■ **Supplied data**:
================================
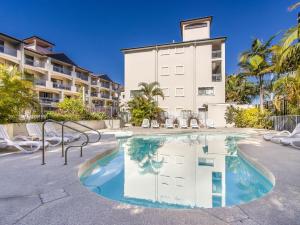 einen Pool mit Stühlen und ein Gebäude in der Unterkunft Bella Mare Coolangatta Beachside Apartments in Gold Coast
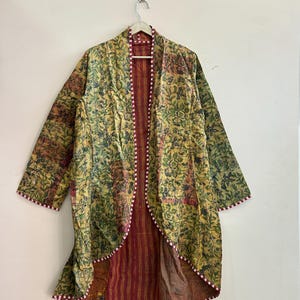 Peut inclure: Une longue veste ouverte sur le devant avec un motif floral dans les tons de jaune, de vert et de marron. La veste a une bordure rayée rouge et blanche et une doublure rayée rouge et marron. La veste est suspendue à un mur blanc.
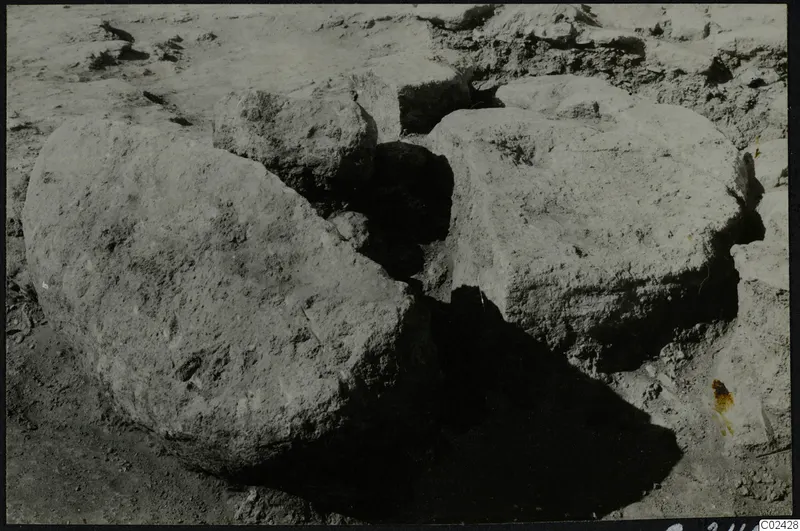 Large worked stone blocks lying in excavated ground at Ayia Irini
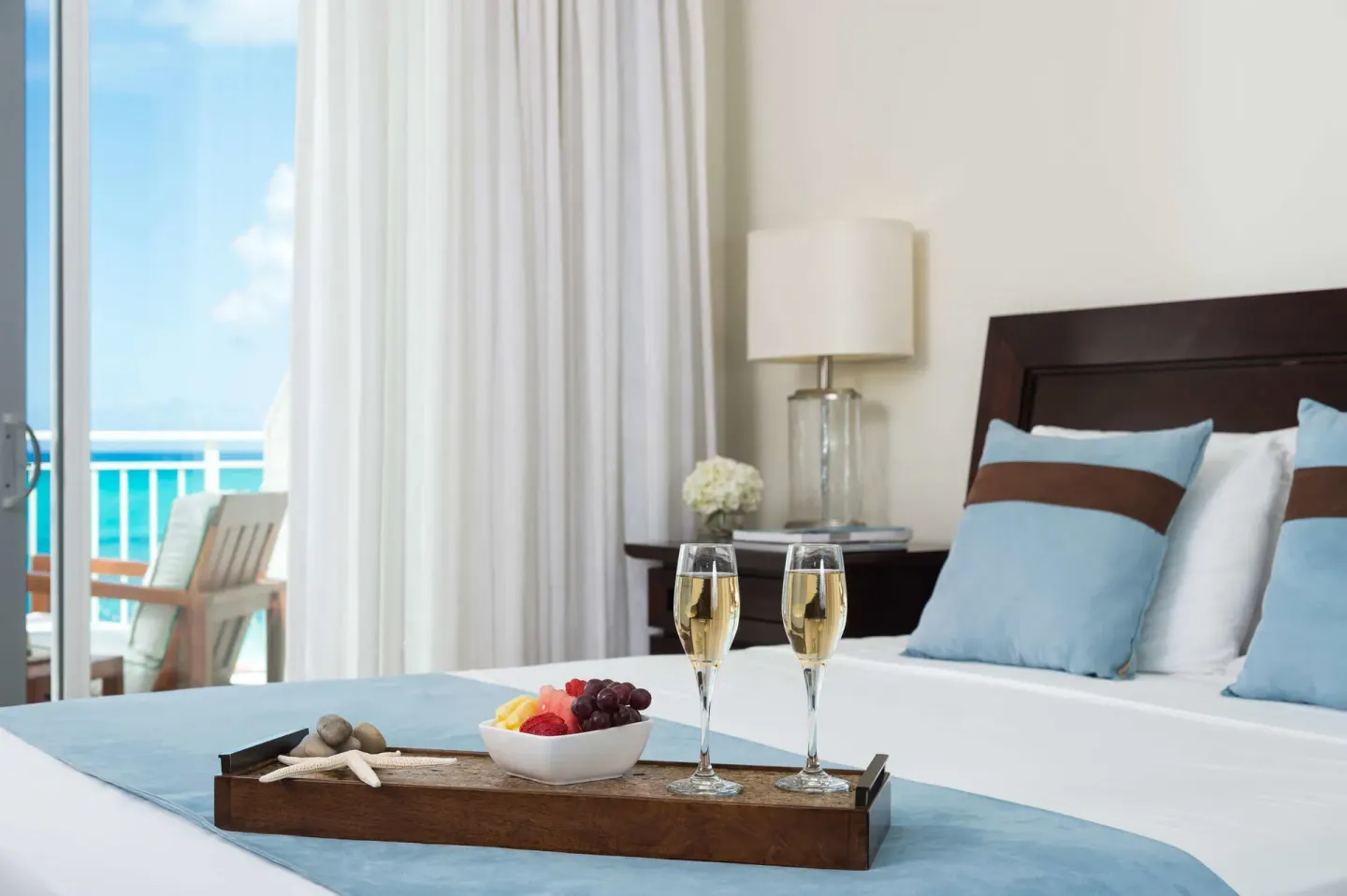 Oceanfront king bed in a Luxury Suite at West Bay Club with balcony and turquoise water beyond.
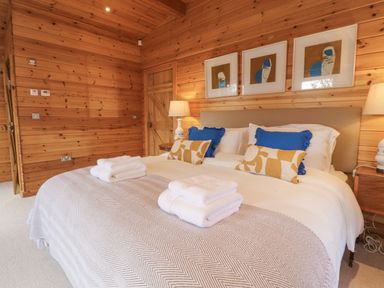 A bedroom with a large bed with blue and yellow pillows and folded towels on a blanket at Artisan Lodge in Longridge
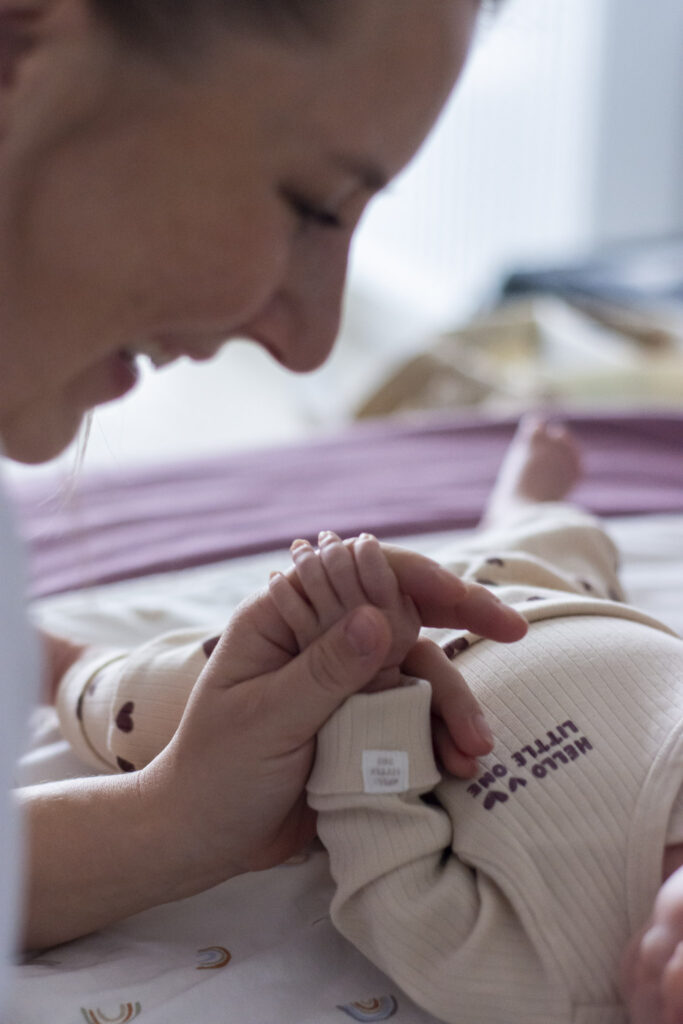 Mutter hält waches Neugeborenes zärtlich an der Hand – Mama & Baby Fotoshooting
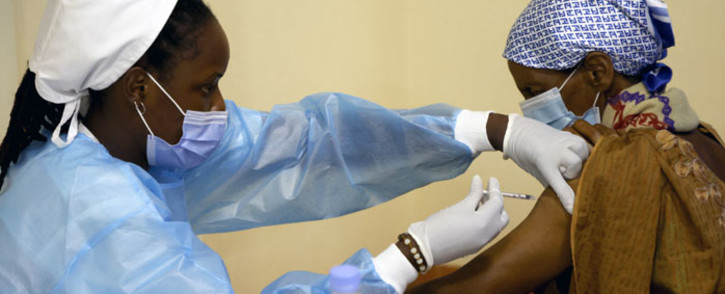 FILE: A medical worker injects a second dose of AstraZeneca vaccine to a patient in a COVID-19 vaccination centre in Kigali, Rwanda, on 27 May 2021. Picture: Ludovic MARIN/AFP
================================
■ **To do**: For this exercise, set down exactly the lines that run from the line holding "Mutter hält waches" to the last line of the records above; include both end lines and omit pictures.

■ **Reply to the task**:
 Mutter hält waches Neugeborenes zärtlich an der Hand – Mama & Baby Fotoshooting
 FILE: A medical worker injects a second dose of AstraZeneca vaccine to a patient in a COVID-19 vaccination centre in Kigali, Rwanda, on 27 May 2021. Picture: Ludovic MARIN/AFP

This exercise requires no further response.